Task 1: Analyze distances between images
The purpose of this task is to develop some intuitions about clouds of points
in highly dimensional spaces. In particular, you are supposed to develop a
very simple algorithm for classifying hand-written digits.
Let us start with developing a simple distance-based classifier. For each
digit d, d = 0, 1, ... , 9,
let us consider a cloud of points in 256
dimensional space, which consists of all training images (vectors) that
represent d. Then, for each cloud we can calculate its center, which is just a
256-dimensional vector of means over all coordinates of vectors that belong
to. Once we have these centers, we can easily classify new images: to classify
an image, calculate the distance from the vector that represents this image to
each of the 10 centers; select as a label the closest one. But first let us
take a closer look at out data.
For each cloud, d = 0, 1, ... , 9,
calculate its center, and the radius.
The radius is defined as the biggest distance between the center and points.
Additionally, find the number of points that belong to. Clearly, at this stage
you are supposed to work with the training set only.
Next, calculate the distances between the centers of the 10 clouds.
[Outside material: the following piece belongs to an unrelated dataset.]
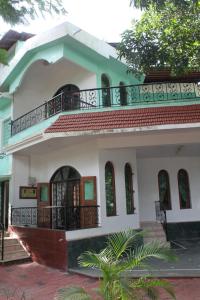 a house with a balcony on top of it at Shalom Dream Home in Candolim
Given all
these distances, try to say something about the expected accuracy of your
classifier. What pairs of digits seem to be most difficult to separate?
Task 2: Implement and evaluate the simplest classifier
Now, given the centers of 10 clouds, you should implement the simplest
distance-based classifier that was described above. Apply your classifier to
all points from the training set and calculate the percentage of correctly
classified digits. Do the same with the test set, using the centers that were
calculated from the training set. In both cases, generate a confusion matrix
which should provide a deeper insight into classes that are difficult to
separate. A confusion matrix is here a 10-by-10 matrix. Which digits were most
difficult to classify correctly? For calculating and visualising confusion
matrices you may use the sklearn package. Describe your findings. Compare
performance of your classifier on the train and test sets. How do the results
compare to the observations you’ve made in Step 1? How would you explain it?
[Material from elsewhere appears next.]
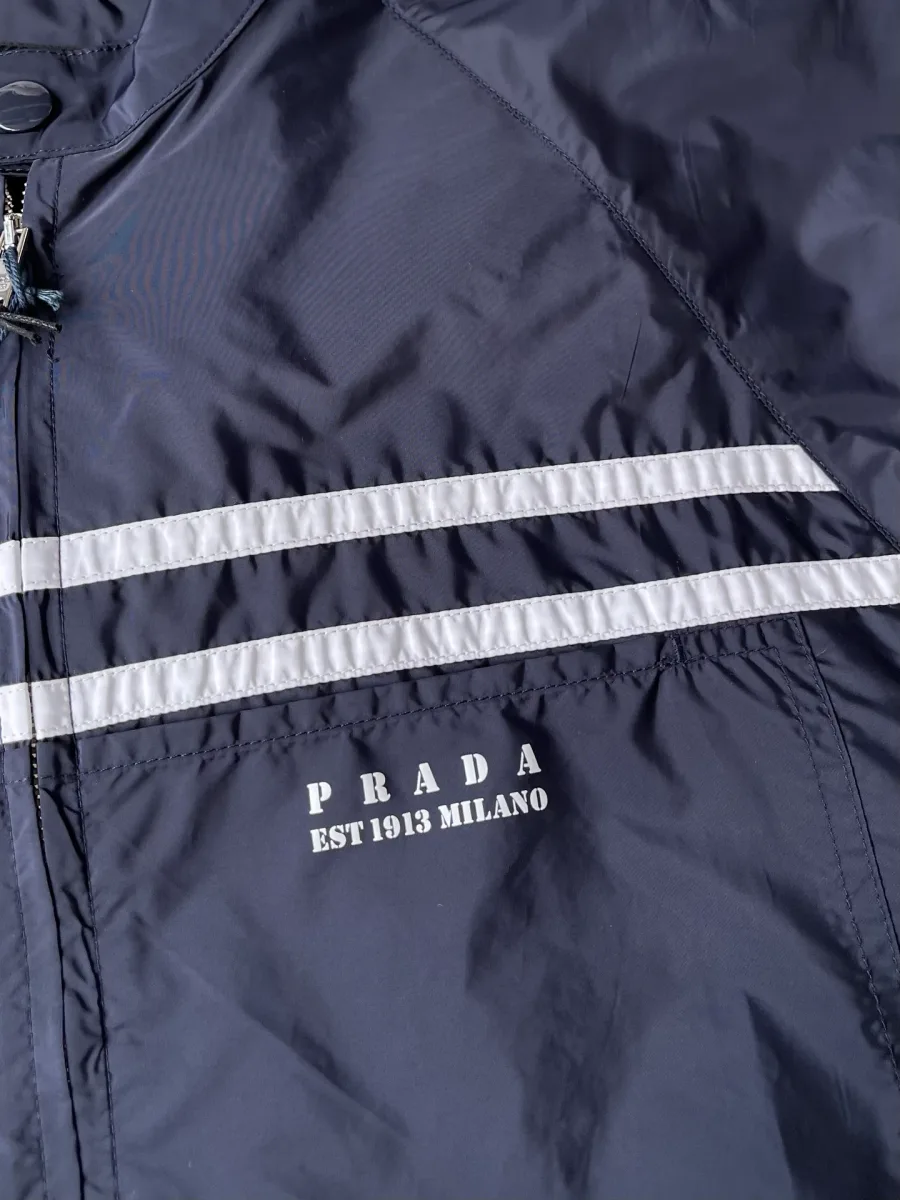 Белые полосы и надпись Prada EST 1913 MILANO на груди крупным планом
So far, we have implicitly assumed that you have measured the distance between
two vectors with help of the Euclidean distance measure. However, this is not
the only choice. Rerun your code using alternative distance measures that are
implemented in sklearn.metrics.pairwise.pairwise distances. Which distance
measure provided best results (on the test set)?
Task 3: Implement a Bayes Rule classifier
Now approach the problem in the same way as in the “a” or “b”? example that
was discussed during the course. To keep things simple, limit yourself to
images of two digits only, for example, 5 and 7. Which feature do you want to
use to discriminate between the two classes? Create corresponding histograms
and calculate the terms P (X|C) and P (C) so you could apply the Bayes rule to
both the train and the test set. What accuracy have you achieved?
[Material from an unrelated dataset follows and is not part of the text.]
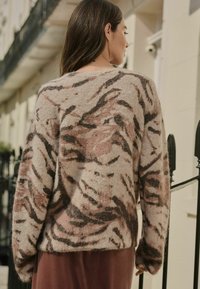 Pulover cu un model roz și bej, realizat dintr-un material moale și texturat, având desene abstracte în culori închise și o croială lejeră, purtat peste o fustă lungă.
Task 4: Implement a multi-class perceptron algorithm
Implement (from scratch) a multi-class perceptron training algorithm (to be
discussed on
15 Feb.) and use it for training a single layer perceptron with 10 nodes (one
per digit), each node having 256+1 inputs and 1 output. Train your network on
the train set and evaluate on both the train and the test set, in the same way
as you did in the previous steps.
Task 5: Find the best possible model with existing software
This is probably the most rewarding, but also time consuming activity. Study
the first two chapters of the book
http://neuralnetworksanddeeplearning.com/index.html
and play with the
software that is discussed in these two chapters. When you mastered this
software, modify and apply it to our original problem: find the best
classifier, trained on our small train set (with 1707 records) and test it on
the test set (with 1000 records).
Summarize your results in a table: the algorithms that you tried, key
parameters you used, the obtained accuracies on the train and test sets.
Organization
Your solution should consist of a report in the pdf format (at most 10 pages)
and neatly organized code that you’ve used in your experiments (but no data)
so we could reproduce your results.
More details about the submission procedure and evaluation criteria will
follow soon-we are working on a new method that will require your substantial
involvement in the evaluation process!